Cast: Ti Lung, Leslie Cheung, Chow Yun-fat, Emily Chu, Waise Lee, Tien Feng, Kenneth Tsang, Shing Fui-on, Sek Yin-si, Wang Hsieh, Leung Ming, John Woo, Tsui Hark. Screenplay: Chan Hing-ka, Leung Suk-wah, John Woo. Cinematography: Wong Wing-hang. Production design: Lui Chi Leung. Film editing: Ma Kam, David Woo. Music: Joseph Koo. 

John Woo's terrific action thriller A Better Tomorrow is less stylized and more conventionally plotted than his later films, but it provides a satisfactory amount of bullets and blood squibs. It's based on an old trope of melodrama: estranged brothers. Sung Tse-ho (Ti Lung) is a gangster involved in a counterfeit operation, and Sung Tse-kit (Leslie Cheung) is a rookie cop. Ho is trying to go straight, however, and he goes to prison partly to sever his ties with the mob in order to make a fresh start after his release. But Kit finds that his older brother's record is an impediment to his advancement in the police force, and he rejects Ho's attempts to reconcile, blaming him for their father's death. The plot centers on their rapprochement, which is ultimately aided by Ho's best friend and fellow mobster, Mark Lee (Chow Yun-fat). Though billed third, Chow steals the movie as the blithe hit man who gets wounded in a shootout, loses favor with the mob, and eventually turns against them. A Better Tomorrow was such a big hit that sequels became inevitable, but as usual the original is the best. 

Saturday, October 25, 2025

The Descent (Neil Marshall, 2005)

Shauna Macdonald in The Descent

Cast: Shauna Macdonald, Natalie Mendoza, Alex Reid, Saskia Mulder, MyAnna Buring, Nora-Jane Noone, Oliver Milburn, Molly Kayl, Craig Conway. Screenplay: Neil Marshall. Cinematography: Sam McCurdy. Production design: Simon Bowles. Film editing: Jon Harris. Music: David Julyan.

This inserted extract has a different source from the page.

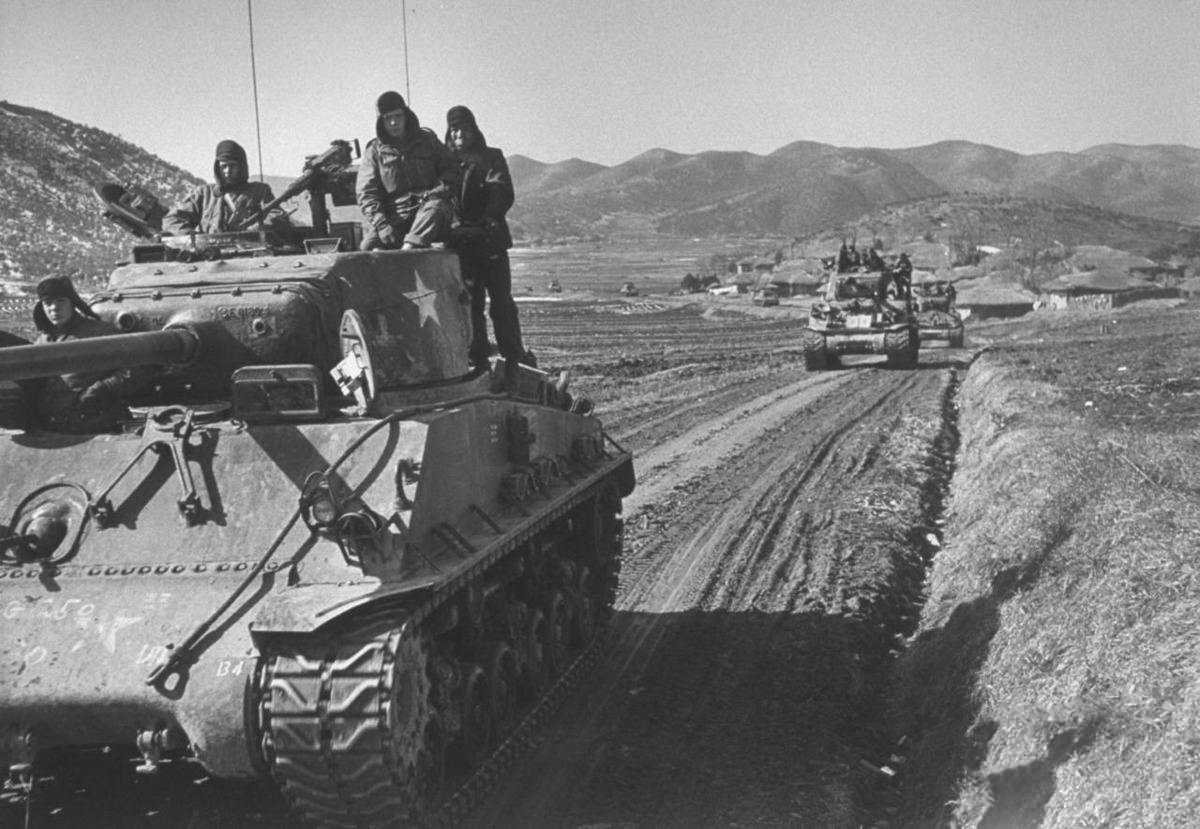 美国史绝望地说:志愿军太凶猛,用“*魂药迷**”把美军剁成了肉酱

Neil Marshall's The Descent is notorious for having two endings, one for American audiences and a darker, more ambiguous one for the rest of the world. Neither ending, it seems to me, is satisfactory, but the choice itself points out the difficulty with genre films: What sort of conclusion do you put on a movie that has potential spinoffs lurking in its plot? Structurally, The Descent reflects the influence of sequelitis. As a claustrophobe, I was suitably terrified by the film when it looked like it was going to be an exciting and scary survival adventure. But then, midway, The Descent turns into a monster movie, and at that point it became "just a movie" to me: actors in makeup on obvious sound stage sets. I also preferred the movie when it seemed that there were going to be real characters in it, but then Marshall fails to provide distinct personalities for each of the six women who brave the adventure. Four of them fall by the way as the hero (Shauna Macdonald as Sarah) and the villain (Natalie Mendoza as Juno) battle each other along with the threatening creepers. We know Sarah is the hero because she has previously suffered a terrible loss, just as we know Juno is the villain because she's an adrenaline junkie likely to put them in danger. Skillfully made, and undeniably involving, The Descent sadly falls into genre clichés.